Lemma 13 (Recursive solution for $π_{opt}$ ). Given $δ \in [0, 1]$ and $ε \geq 0$ , $π_{opt}$ satisfies the following recurrence relationship: $π_{opt} (0) = 0$ , and for all $n > 0$ :

π_{opt} (n) = min (e^{ε} π_{opt} (n - 1) + δ, 1 - e^{- ε} (1 - π_{opt} (n - 1) - δ), 1)

(4.5)

Proof. Let $π_{0}$ be defined by recurrence as above; we will prove that $π_{0} = π_{opt}$ .

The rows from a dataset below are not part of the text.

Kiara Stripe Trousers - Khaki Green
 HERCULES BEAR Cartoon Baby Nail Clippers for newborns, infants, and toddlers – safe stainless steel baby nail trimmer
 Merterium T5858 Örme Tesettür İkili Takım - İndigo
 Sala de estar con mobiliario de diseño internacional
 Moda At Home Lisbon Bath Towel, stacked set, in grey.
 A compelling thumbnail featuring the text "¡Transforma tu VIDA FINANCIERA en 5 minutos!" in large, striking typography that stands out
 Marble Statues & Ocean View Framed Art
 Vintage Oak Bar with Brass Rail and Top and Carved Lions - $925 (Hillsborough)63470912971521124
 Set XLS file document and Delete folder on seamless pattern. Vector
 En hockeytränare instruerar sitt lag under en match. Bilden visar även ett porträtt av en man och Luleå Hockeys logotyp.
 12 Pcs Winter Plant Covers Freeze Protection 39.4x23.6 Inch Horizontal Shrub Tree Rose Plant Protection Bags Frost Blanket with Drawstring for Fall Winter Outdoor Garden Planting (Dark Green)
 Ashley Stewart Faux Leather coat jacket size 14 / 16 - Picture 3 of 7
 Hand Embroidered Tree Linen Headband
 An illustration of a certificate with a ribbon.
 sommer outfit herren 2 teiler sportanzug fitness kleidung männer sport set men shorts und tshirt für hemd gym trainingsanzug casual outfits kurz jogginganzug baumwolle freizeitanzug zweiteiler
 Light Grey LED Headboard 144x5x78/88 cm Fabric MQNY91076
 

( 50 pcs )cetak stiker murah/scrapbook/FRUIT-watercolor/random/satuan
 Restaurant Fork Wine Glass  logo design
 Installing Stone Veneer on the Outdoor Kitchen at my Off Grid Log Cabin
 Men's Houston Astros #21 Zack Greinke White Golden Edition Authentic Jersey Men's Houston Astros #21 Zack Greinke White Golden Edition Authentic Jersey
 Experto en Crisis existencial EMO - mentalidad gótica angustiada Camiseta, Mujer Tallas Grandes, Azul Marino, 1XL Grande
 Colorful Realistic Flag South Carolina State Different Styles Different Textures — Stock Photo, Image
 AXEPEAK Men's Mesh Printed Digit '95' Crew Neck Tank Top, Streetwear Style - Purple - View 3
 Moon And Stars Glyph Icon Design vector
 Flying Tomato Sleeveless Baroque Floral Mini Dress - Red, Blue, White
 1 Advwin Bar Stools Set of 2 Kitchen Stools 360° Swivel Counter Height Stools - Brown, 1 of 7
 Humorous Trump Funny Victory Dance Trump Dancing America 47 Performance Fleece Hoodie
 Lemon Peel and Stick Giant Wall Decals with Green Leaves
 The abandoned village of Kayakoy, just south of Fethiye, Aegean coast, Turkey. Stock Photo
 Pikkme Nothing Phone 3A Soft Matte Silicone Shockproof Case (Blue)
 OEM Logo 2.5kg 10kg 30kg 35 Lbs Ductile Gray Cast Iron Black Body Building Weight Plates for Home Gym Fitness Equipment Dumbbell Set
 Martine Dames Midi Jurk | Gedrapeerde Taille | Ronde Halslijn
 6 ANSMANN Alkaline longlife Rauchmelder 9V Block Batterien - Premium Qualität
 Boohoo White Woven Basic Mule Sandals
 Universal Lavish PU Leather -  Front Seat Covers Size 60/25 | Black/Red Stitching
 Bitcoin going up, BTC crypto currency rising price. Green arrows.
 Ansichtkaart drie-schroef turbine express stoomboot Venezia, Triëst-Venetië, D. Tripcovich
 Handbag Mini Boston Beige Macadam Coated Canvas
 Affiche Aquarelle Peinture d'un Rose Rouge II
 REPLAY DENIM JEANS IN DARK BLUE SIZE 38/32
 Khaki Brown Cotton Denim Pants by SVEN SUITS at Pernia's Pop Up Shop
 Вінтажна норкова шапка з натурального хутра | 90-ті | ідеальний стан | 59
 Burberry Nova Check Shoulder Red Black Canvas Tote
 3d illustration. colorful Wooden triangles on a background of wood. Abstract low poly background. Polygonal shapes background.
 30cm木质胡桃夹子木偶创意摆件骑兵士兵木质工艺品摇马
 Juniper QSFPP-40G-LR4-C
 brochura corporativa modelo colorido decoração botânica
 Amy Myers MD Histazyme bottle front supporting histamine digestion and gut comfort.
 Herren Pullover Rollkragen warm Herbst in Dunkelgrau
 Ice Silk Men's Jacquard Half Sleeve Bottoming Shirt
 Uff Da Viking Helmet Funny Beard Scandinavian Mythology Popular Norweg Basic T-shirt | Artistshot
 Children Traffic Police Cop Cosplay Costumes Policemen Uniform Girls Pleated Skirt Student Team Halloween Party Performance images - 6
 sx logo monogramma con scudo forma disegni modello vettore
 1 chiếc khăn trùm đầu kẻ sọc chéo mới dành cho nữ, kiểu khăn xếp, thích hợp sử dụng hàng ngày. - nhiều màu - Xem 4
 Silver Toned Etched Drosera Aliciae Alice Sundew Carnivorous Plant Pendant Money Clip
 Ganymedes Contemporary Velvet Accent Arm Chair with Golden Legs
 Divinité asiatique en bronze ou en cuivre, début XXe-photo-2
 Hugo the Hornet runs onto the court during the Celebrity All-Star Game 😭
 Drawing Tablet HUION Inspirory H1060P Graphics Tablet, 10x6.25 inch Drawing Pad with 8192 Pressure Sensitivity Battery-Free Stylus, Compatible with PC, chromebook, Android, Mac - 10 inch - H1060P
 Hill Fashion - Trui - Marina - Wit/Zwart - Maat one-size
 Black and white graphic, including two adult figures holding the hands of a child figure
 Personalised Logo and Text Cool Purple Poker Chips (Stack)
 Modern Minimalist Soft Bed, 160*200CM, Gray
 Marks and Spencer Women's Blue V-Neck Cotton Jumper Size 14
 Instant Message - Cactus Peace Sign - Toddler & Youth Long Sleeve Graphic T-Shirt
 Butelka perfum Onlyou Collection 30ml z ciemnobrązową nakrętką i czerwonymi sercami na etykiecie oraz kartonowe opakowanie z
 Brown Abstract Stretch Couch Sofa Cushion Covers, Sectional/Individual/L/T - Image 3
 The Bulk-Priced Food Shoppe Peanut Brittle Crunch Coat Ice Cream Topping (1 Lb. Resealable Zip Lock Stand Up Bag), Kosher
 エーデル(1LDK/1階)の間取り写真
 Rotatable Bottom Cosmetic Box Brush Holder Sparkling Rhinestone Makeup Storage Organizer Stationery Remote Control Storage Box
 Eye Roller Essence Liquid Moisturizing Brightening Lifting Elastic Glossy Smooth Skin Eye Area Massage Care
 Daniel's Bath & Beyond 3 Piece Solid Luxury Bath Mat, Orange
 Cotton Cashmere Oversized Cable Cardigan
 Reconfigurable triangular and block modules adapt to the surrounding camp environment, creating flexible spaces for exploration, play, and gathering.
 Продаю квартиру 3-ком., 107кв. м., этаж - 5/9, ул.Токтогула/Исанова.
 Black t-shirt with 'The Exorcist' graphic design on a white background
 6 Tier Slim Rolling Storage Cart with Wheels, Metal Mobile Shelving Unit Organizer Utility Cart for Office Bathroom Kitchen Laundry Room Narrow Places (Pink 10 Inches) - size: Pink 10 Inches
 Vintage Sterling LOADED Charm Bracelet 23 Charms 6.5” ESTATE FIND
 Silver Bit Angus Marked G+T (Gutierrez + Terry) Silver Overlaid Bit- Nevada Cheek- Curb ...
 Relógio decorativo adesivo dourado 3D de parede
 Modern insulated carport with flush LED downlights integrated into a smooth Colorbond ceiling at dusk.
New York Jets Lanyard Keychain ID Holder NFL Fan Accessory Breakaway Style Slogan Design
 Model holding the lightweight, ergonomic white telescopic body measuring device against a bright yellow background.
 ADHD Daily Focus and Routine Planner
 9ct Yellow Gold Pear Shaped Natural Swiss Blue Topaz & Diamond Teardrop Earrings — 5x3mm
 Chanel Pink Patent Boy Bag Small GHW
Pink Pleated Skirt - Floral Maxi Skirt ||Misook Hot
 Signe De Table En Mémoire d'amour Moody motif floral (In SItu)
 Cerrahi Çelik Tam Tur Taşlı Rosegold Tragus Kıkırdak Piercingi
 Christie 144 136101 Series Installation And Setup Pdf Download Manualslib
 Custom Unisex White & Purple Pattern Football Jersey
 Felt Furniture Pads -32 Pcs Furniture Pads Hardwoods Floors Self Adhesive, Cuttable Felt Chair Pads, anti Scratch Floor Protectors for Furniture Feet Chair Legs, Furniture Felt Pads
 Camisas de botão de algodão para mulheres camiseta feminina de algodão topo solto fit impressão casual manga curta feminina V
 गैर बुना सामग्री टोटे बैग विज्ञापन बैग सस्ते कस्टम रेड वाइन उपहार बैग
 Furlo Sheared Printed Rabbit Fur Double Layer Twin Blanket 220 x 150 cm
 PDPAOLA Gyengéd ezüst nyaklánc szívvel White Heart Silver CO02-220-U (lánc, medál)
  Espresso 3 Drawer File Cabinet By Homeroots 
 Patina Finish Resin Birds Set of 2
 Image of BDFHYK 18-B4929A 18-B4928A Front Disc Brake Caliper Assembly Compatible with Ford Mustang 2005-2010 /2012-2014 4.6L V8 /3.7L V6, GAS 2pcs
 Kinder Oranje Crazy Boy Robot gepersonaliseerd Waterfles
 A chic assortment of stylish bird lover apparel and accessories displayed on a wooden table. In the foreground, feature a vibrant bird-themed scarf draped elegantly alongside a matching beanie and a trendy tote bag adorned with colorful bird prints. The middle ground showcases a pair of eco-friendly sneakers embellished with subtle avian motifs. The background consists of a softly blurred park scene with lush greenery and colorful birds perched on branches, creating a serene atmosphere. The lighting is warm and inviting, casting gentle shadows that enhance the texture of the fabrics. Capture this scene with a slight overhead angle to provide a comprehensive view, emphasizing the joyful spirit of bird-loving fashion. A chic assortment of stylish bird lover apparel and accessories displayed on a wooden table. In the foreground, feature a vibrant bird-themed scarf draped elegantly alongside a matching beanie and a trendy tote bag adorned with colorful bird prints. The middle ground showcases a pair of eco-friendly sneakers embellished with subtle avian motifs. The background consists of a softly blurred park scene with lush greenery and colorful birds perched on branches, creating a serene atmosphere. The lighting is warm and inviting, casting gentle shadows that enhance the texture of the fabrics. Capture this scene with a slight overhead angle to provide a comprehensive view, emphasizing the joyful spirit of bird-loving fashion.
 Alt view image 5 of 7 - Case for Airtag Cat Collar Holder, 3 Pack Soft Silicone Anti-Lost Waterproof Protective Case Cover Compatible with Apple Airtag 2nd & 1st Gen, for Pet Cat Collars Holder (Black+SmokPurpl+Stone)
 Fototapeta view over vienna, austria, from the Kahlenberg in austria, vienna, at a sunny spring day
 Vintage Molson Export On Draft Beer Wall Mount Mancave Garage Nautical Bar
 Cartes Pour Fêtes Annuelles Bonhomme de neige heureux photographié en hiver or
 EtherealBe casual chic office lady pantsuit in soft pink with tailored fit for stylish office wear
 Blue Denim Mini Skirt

First, let us show that $π_{0}$ is monotonic. Fix $n \in N$ . It suffices to show for each argument of the min function in (4.5) is larger than $π_{0} (n)$ .

First argument: since $ε \geq 0$ implies $e^{ε} \geq 1$ and $δ \geq 0$ , we have $e^{ε} π_{0} (n) + δ \geq π_{0} (n)$ .

Second argument: we have

\begin{matrix} 1 - e^{- ε} (1 - π_{0} (n) - δ) & = 1 - e^{- ε} (1 - π_{0} (n)) + e^{- ε} δ \geq 1 - (1 - π_{0} (n)) = π_{0} (n) \end{matrix}

using that $1 - π_{0} (n) \geq 0$ since $π_{0} (n) \leq 1$ by (4.5).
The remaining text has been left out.